SINGAPORE (ICIS)–Click here to see the latest blog post on Asian Chemical Connections by John Richardson.

The ICIS data continue to tell us that we are facing the biggest shake-up in the modern history of the petrochemicals industry.

Let’s today use high-density polyethylene (HDPE)

China accounted for just 6% of global HDPE demand in 1992 although it had a 22% share of the global population. By the end of 2024, we expect China to generate 33% of global demand from an 18% share of the population.

For far too long, our industry overlooked the warning signs: China’s rapidly ageing population, its real estate bubble and the geopolitical split with the West.

It was only a question of when rather than whether the Chinese economy would enter a more challenging phase. We can see from the ICIS data on spreads and margins that the “when” arrived in late 2021 – the Evergrande Moment.

CFR China HDPE injection grade price spreads over CFR Japan naphtha costs have averaged just $212/tonne since the end of Petrochemicals Supercycle – from January 2022 onwards. This compares with the $487/tonne average during the Supercycle – 1992 until 2021.

So, spreads need to rebound by 130% to get back to where they were during the Supercycle.

This year, as we can see from the chart in today’s post, they have fallen to a new record low.
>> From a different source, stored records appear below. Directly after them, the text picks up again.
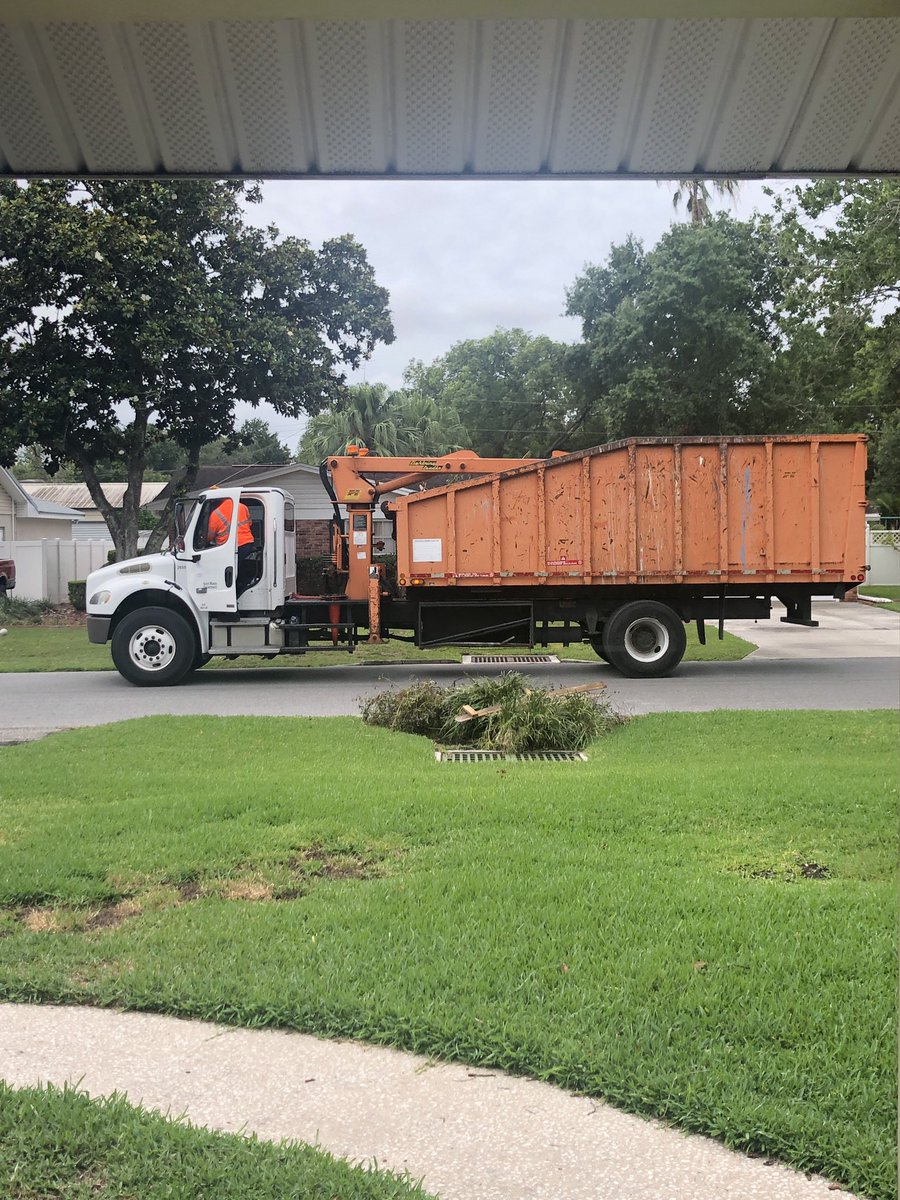 #shoutout to <a href="/CityofTampa/">City of Tampa</a> for the annual S.W.E.E.P. program. Such a cool perk of living in this city I certainly don’t take for granted!!  #thankyou #tampabay #somethinggood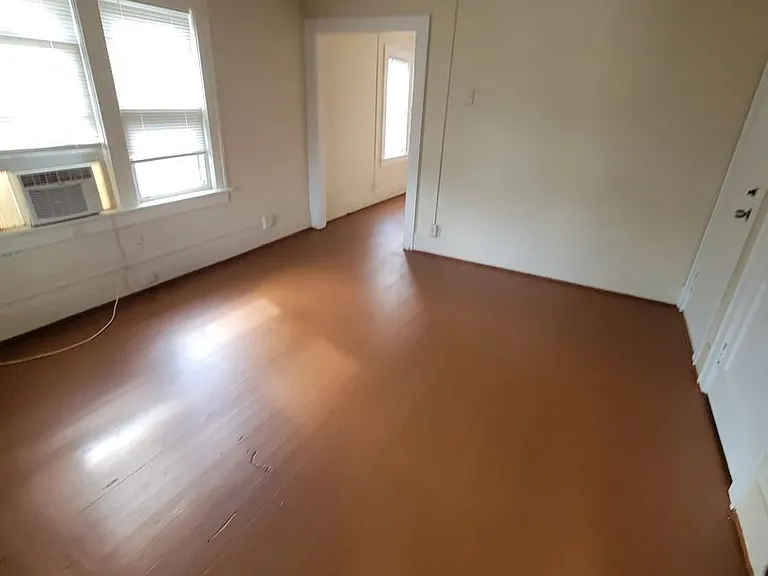 212 S Oleander Ave — Photo 4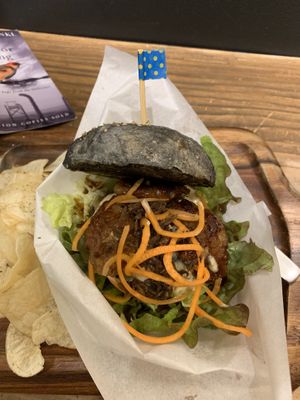 Teriyaki Burger  at Veganic To Go in Tokyo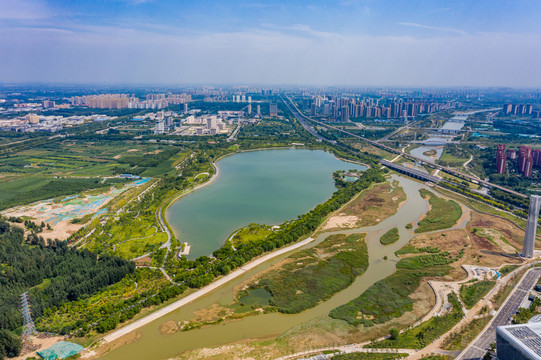 航拍河南郑州象湖生态湿地公园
Global capacity was added largely on the assumption that China’s HDPE demand growth would be higher than is going to be the case.

My highly unscientific “wisdom of crowds” approach, which involved talking to lots of people, suggests that the consensus view was that China’s petrochemicals demand growth in general would be at 6-8% over the long term. Low single digit growth now seems more likely.

Global HDPE operating rates were very healthy during the Petrochemicals Supercycle. Including two years after the end of the Supercycle (the 1992-2023 period), we estimate they averaged 88%.

We forecast a global operating rate of just 75% in 2024-2030.

Global capacity would have to grow by just 173,000 tonnes a year versus our base case assumption of 2.6m tonnes a year if 2024-2030 were instead to reach 88%.

Rationalisation of capacity in disadvantaged regions such as Europe and Asia ex-China seems likely as China, the Middle East and the US carry on building.

So much for what we know. What about the “unknown unknowns”? Here are just two of them:

  1. What will be the size of China’s population by the end of the century and therefore its HDPE and other resins demand? Estimates range from 633m to 525m or even less.
  2. Can China fully maintain its role as the Workshop of the World? Or will reshoring and trade tensions eventually lead to a major decline in Chinese exports?

Facts, or rather data, are sacred. So should be rigorous scenario planning as “one size fits all” views of the future won’t get us anywhere. Neither will a repeat of the conventional thinking that got us into this mess in the first place.

Editor’s note: This blog post is an opinion piece. The views expressed are those of the author, and do not necessarily represent those of ICIS.